═════ RECORDS PROVIDED

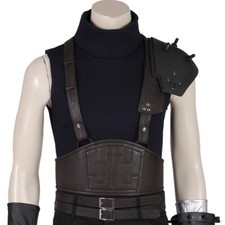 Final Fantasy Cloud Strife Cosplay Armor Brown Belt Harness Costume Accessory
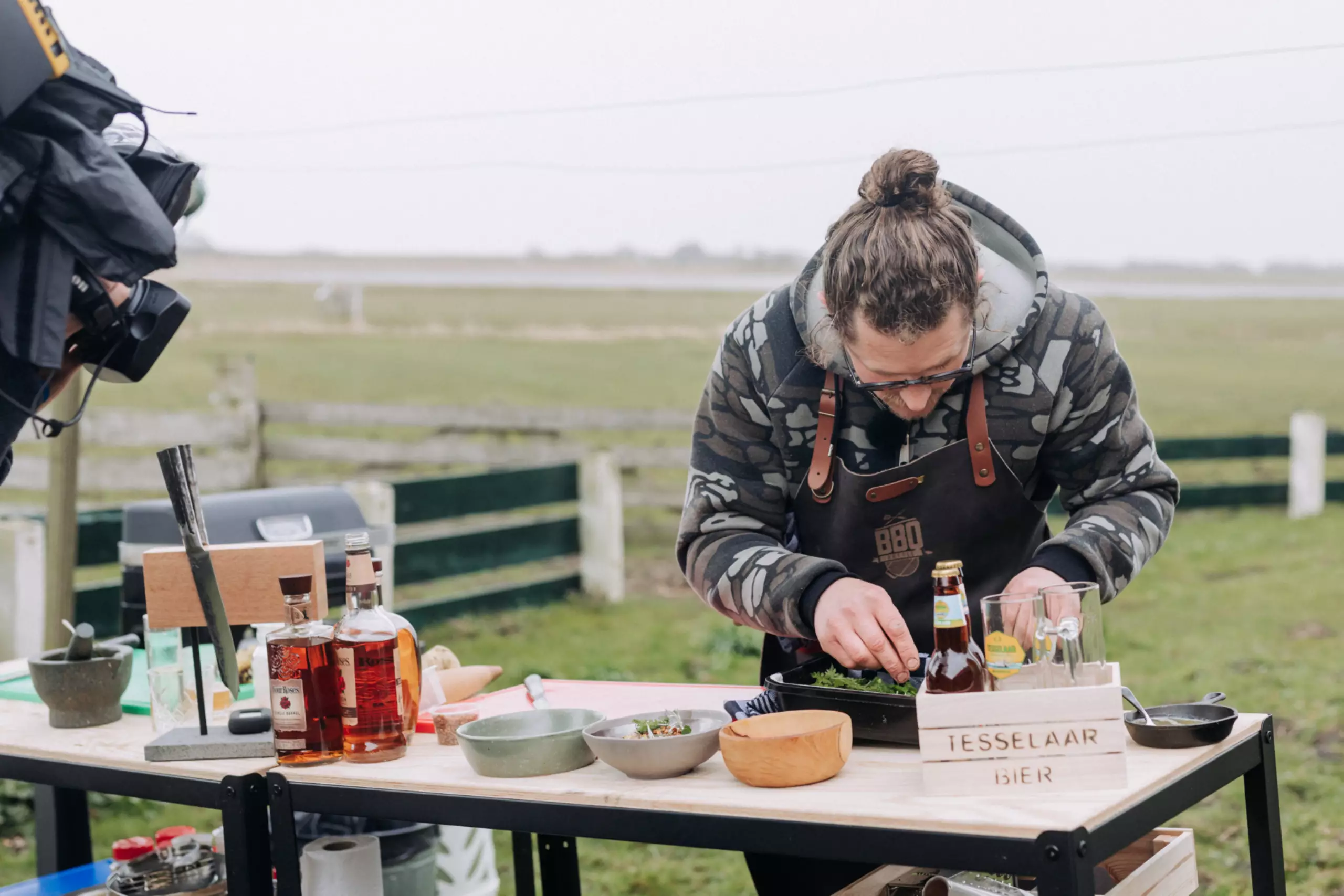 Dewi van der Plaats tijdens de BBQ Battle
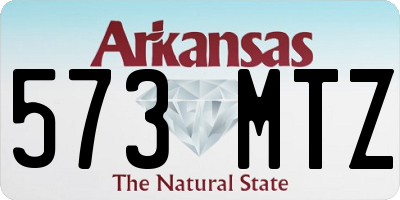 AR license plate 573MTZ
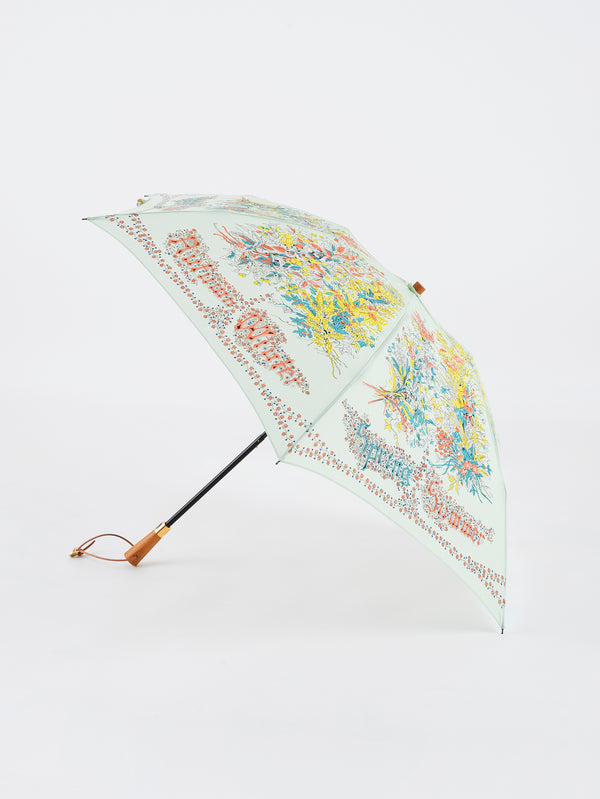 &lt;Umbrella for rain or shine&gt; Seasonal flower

══════════
═════ RECORDS PROVIDED

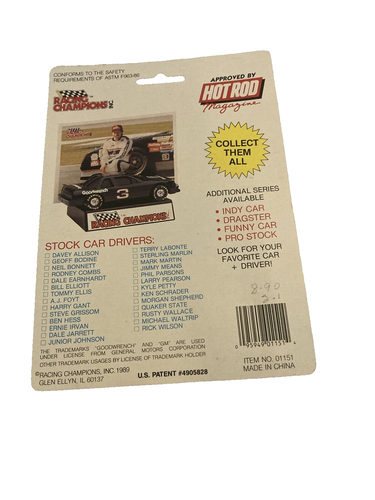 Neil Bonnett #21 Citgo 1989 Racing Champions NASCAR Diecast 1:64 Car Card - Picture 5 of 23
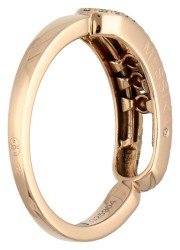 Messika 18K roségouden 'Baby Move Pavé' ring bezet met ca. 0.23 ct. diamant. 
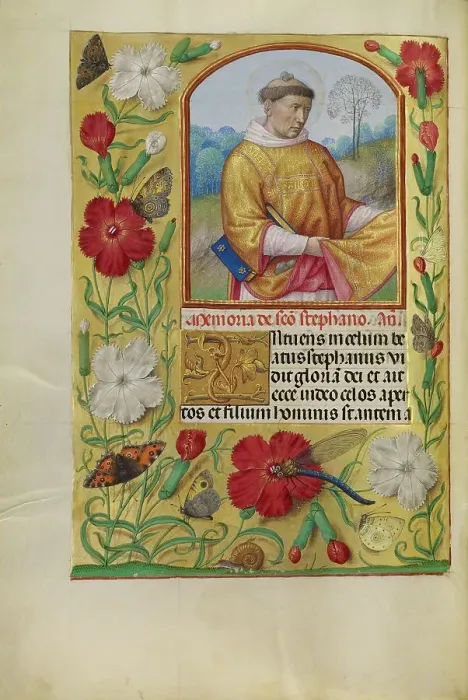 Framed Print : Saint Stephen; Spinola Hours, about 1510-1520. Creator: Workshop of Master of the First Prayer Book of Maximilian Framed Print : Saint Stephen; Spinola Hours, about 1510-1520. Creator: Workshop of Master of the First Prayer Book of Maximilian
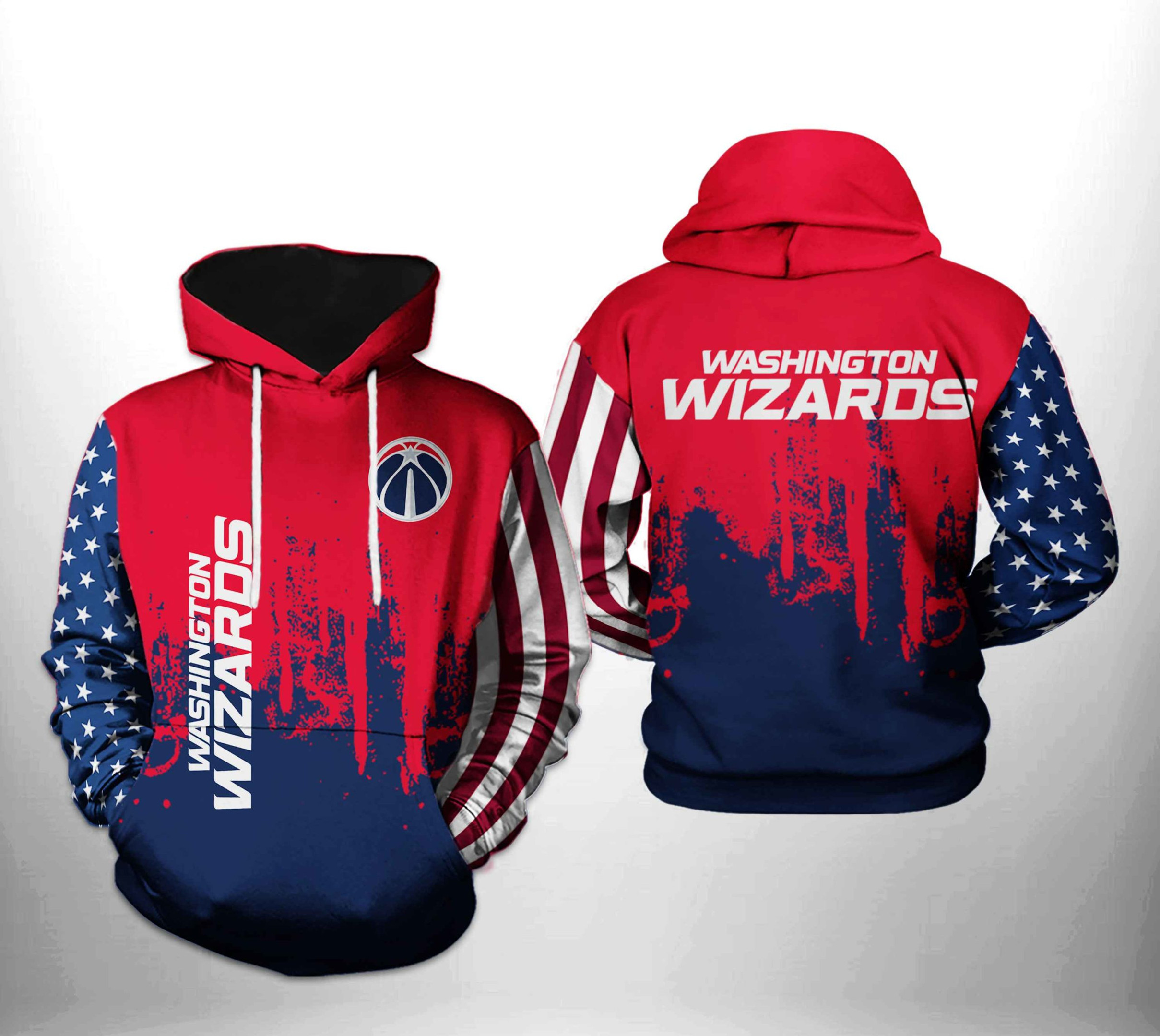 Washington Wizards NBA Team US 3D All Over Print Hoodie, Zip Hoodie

══════════
═════ RECORDS PROVIDED

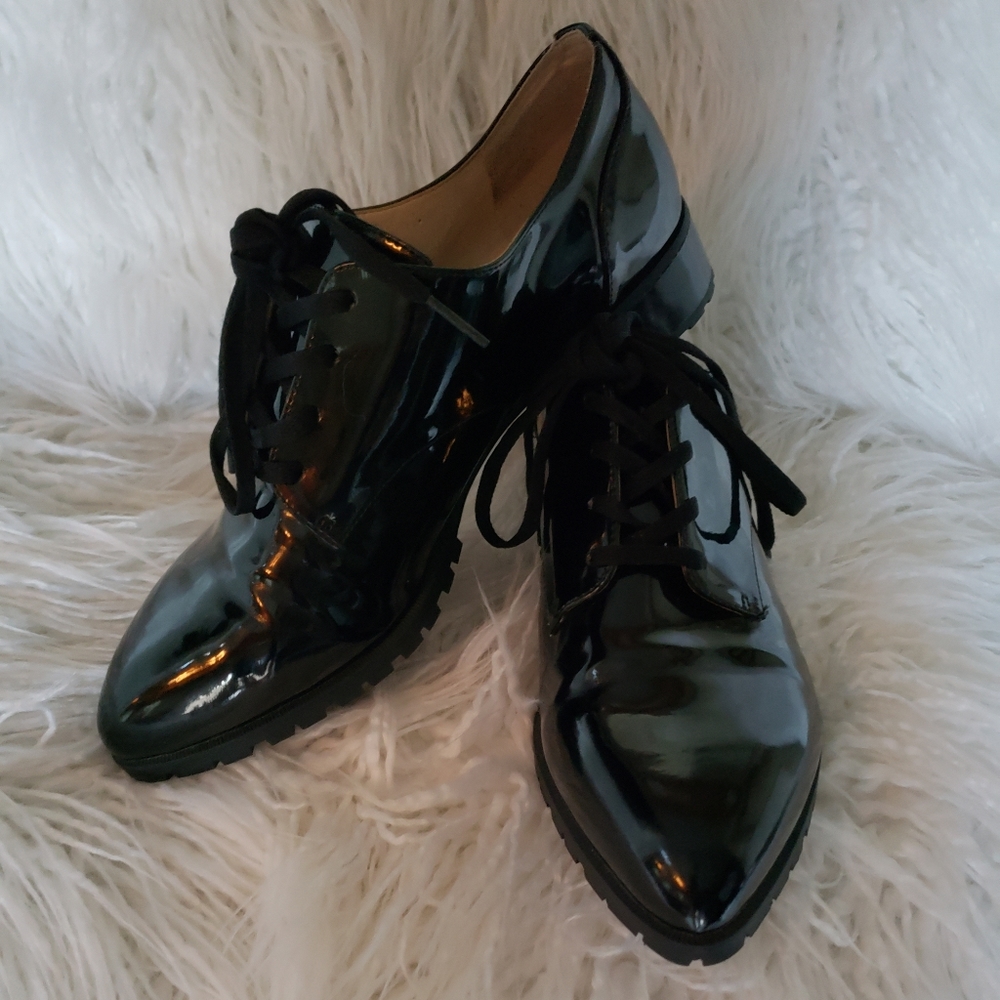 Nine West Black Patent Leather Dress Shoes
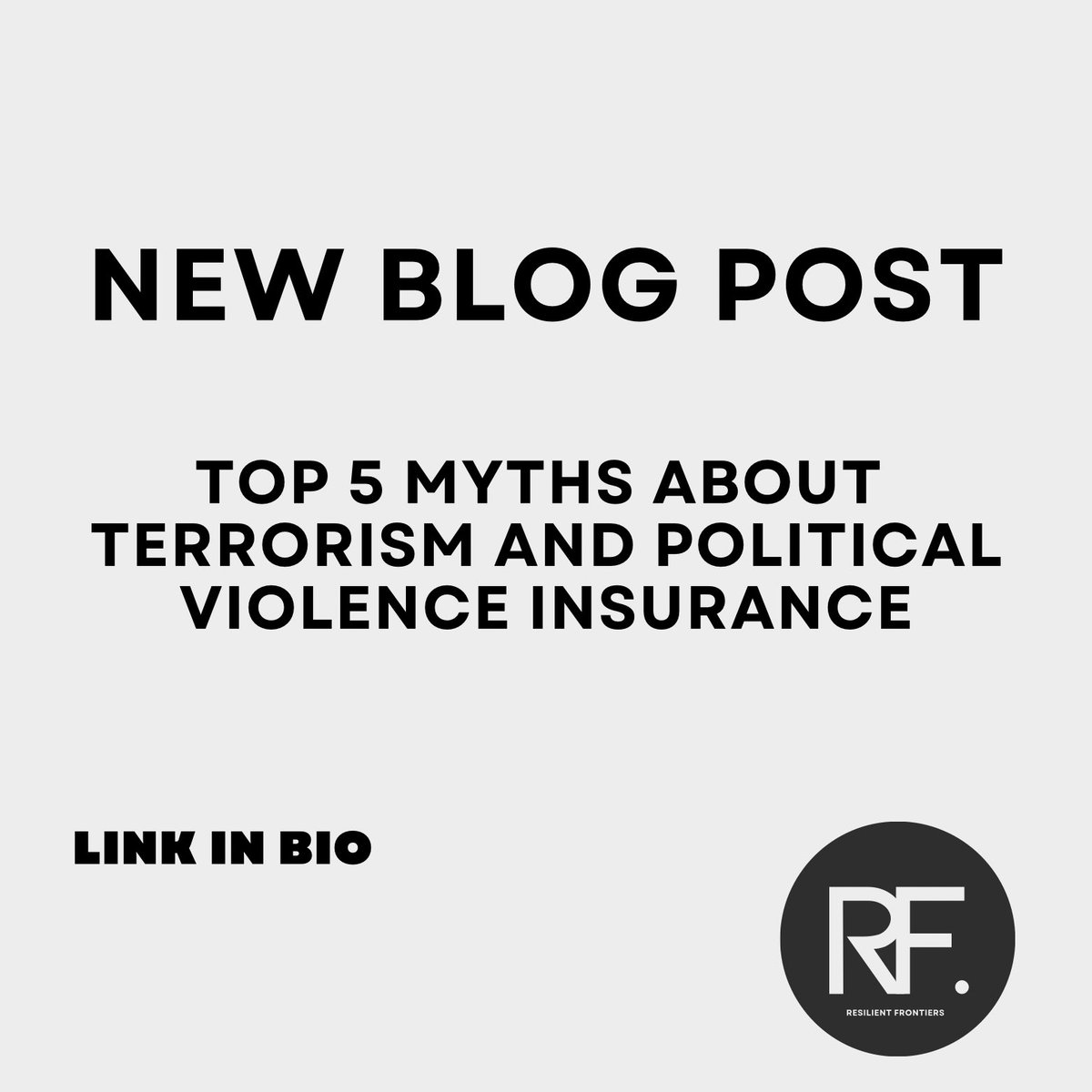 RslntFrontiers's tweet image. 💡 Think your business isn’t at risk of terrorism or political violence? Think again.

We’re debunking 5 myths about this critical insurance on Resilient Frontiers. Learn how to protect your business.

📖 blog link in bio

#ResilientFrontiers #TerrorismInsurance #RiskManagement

══════════

* WHAT THE TASK ASKS *
Pictures in the entries do not go into the copy. Print only the lines starting at the one containing "Messika 18K roségouden" and ending at the one containing "Washington Wizards NBA", exactly as they appear.

* ANSWER BELOW *
 Messika 18K roségouden 'Baby Move Pavé' ring bezet met ca. 0.23 ct. diamant. 
 Framed Print : Saint Stephen; Spinola Hours, about 1510-1520. Creator: Workshop of Master of the First Prayer Book of Maximilian Framed Print : Saint Stephen; Spinola Hours, about 1510-1520. Creator: Workshop of Master of the First Prayer Book of Maximilian
 Washington Wizards NBA Team US 3D All Over Print Hoodie, Zip Hoodie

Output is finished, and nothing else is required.